Ralf Borttscheller: Ich meine die Autonomen, die seit zehn Jahren in festem Ritual auftreten und denen ich unterstellen muß, daß sie null politisches Anliegen haben. Denen geht es schlicht um Randale.

Und was bedeutet dann Ächten?

Bewußt ausgrenzen. Das bedeutet für mich auch, daß man notfalls mal auf eine Feier verzichtet, um diesen Leuten den nicht äußeren Rahmen zu bieten in dessen Schutz sie dann wieder Scheiben zerschlagen.

Ächten bedeutet, selber nicht mehr zu feiern?

Nein, das soll bedeuten, daß man, um Gewalt zu verhindern notfalls sich selbst einschränkt. Ich bin überzeugt, daß Silvester auf der Sielwallkreuzung wie ein stinknormaler Tag verlaufen würde, wenn man hier nicht eine Veranstaltung inszenieren würde. Ich bin überzeugt, daß die Autonomen mit ihren 50 bis 200 Leuten dann Muffensausen hätten, von der Polizei einkassiert zu werden.

Wen meinen Sie mit den Autonomen?

Die Leute, die auch in der Silvesternacht meinen, ihr Gesicht nicht offen zeigen zu können, sondern sich vermummen, um gewalttätig zu werden. Die haben wir auch am 3. Oktober gesehen. Gerade die Leute, die sich gegen Staat und Militär stellen, treten in dieser Gesellschaft ja am einheitlichsten in Uniform scharz vermummt auf.

Wissen Sie wer unter der Vermummung steckt?

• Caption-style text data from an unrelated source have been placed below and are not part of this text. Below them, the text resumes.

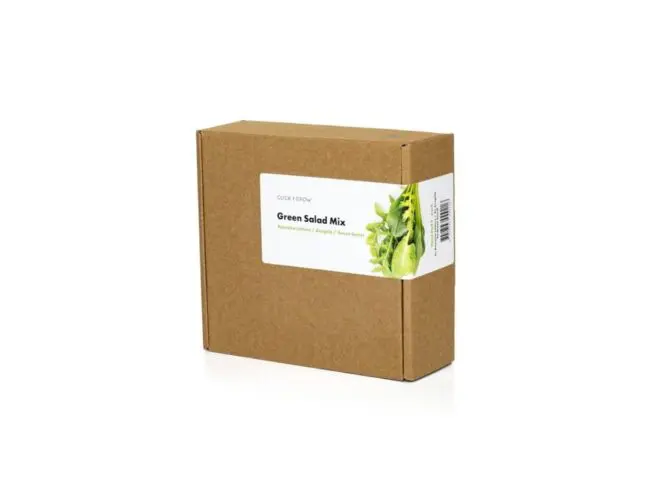 Click and Grow - Grøn salatmix - 9 stk - Billede 2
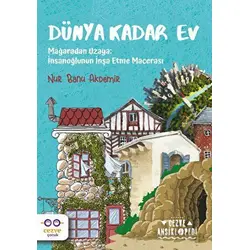 Dünya Kadar Ev – Cezve Ansiklopedi - Nur Banu Akdemir - Cezve Çocuk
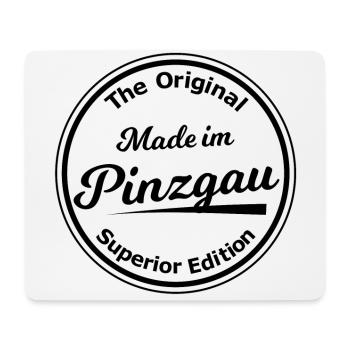 Aus dem schönen Pinzgau - Mousepad (Querformat) - Weiß - Vorne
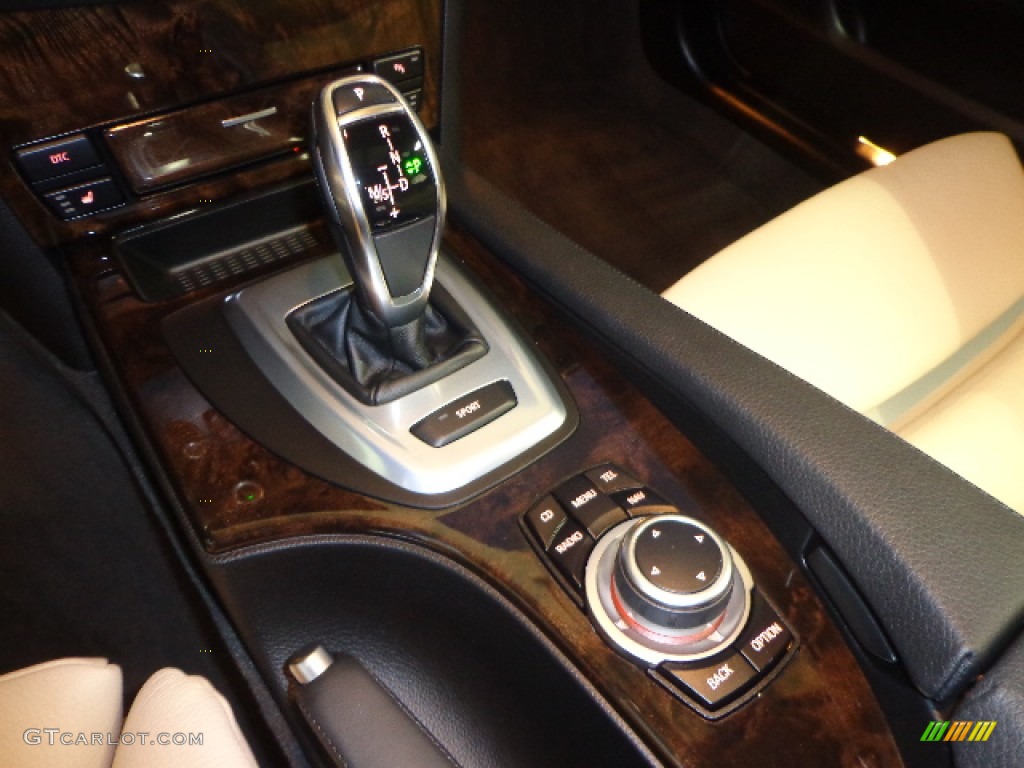 2010 BMW 5 Series 550i Sedan 6 Speed Steptronic Automatic Transmission Photo #77922544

Das wissen Sie im Einzelfall nicht. Aber wer sich zusammenrottet, um Straftaten zu begehen, macht sich inzwischen schon mit der Vermummung strafbar.

Hätte die Polizei Silvester alle Vermummten festnehmen sollen?

Nein, die Polizei tut das natürlich nicht, und das ist auch richtig. Denn dadurch würden ja Dritte gefährdet. Die Autonomen suchen ja immer feige den Schutz der anderen, um aus der Masse heraus Straftaten zu begehen.

Haben Sie trotzdem Kritik an der Polizei nach der Silvesternacht?

Mich ärgert es, wenn als Bilanz einer solchen in Gewalttätigkeit endenden Nacht nur acht Leute gefaßt worden sind, die man also maximal anklagen kann. Unter Einsatz von MEK oder SEK, ziviler Beamter hier auch mehr hätte erwischen können.

Würde es dem Viertel nützen, wenn mehr Leute verhaftet würden?

Dem Rechtsstaat würde es mehr nützen. Ich meine, daß das Viertel hier kein Eigenleben entwickeln kann, wo eine andere Rechtsordnung gilt als im Rest der Stadt.